*About this task:*
Starting from the line in which "파타고니아키즈 양털 후리스" appears, output every line down to the last line of the data below, exactly and without anything more.

[Dataset entries]
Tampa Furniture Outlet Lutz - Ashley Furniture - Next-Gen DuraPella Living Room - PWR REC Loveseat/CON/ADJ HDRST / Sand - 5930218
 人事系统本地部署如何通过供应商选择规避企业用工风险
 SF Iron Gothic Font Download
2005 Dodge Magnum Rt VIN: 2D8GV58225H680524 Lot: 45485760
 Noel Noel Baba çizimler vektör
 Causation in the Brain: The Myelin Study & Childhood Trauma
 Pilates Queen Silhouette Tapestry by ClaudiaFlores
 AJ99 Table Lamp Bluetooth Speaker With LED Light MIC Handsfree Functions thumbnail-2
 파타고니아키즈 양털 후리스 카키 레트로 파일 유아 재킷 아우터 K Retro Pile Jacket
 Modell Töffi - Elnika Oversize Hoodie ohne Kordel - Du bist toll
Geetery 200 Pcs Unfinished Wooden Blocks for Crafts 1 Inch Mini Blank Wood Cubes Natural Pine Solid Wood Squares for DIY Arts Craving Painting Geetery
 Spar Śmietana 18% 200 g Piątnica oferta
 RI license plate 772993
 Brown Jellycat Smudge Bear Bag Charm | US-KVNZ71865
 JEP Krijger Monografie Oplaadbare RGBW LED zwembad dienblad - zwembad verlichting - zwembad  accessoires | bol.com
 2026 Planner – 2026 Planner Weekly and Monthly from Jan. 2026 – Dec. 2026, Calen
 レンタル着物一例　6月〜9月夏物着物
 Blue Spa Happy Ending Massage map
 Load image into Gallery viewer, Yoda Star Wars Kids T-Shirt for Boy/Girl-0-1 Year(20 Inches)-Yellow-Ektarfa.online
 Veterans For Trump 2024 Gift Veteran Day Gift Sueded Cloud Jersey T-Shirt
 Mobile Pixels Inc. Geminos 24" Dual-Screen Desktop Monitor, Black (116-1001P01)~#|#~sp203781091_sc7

*Worked solution:*
 파타고니아키즈 양털 후리스 카키 레트로 파일 유아 재킷 아우터 K Retro Pile Jacket
 Modell Töffi - Elnika Oversize Hoodie ohne Kordel - Du bist toll
Geetery 200 Pcs Unfinished Wooden Blocks for Crafts 1 Inch Mini Blank Wood Cubes Natural Pine Solid Wood Squares for DIY Arts Craving Painting Geetery
 Spar Śmietana 18% 200 g Piątnica oferta
 RI license plate 772993
 Brown Jellycat Smudge Bear Bag Charm | US-KVNZ71865
 JEP Krijger Monografie Oplaadbare RGBW LED zwembad dienblad - zwembad verlichting - zwembad  accessoires | bol.com
 2026 Planner – 2026 Planner Weekly and Monthly from Jan. 2026 – Dec. 2026, Calen
 レンタル着物一例　6月〜9月夏物着物
 Blue Spa Happy Ending Massage map
 Load image into Gallery viewer, Yoda Star Wars Kids T-Shirt for Boy/Girl-0-1 Year(20 Inches)-Yellow-Ektarfa.online
 Veterans For Trump 2024 Gift Veteran Day Gift Sueded Cloud Jersey T-Shirt
 Mobile Pixels Inc. Geminos 24" Dual-Screen Desktop Monitor, Black (116-1001P01)~#|#~sp203781091_sc7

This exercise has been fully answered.